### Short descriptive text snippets

········

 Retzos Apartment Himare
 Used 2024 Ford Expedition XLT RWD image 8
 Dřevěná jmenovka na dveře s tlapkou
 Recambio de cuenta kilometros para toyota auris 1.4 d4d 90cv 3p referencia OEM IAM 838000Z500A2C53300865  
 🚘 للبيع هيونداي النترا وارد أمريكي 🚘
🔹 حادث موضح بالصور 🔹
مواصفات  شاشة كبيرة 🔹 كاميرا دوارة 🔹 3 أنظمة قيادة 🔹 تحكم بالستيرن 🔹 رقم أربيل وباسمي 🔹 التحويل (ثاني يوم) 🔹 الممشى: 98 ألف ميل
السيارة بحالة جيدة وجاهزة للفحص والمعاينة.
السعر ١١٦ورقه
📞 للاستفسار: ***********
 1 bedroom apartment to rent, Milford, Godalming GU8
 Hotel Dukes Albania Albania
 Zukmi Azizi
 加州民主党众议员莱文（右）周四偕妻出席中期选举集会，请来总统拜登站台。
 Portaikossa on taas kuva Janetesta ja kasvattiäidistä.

········

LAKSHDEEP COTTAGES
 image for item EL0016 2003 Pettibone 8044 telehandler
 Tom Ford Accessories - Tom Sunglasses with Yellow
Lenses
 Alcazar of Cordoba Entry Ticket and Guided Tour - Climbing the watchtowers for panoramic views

········

### What this task involves
In the data above, find the line that contains "Zukmi Azizi" and the line that contains "Portaikossa on taas". Repeat exactly those lines and every line between them, and only those.

### Your response
 Zukmi Azizi
 加州民主党众议员莱文（右）周四偕妻出席中期选举集会，请来总统拜登站台。
 Portaikossa on taas kuva Janetesta ja kasvattiäidistä.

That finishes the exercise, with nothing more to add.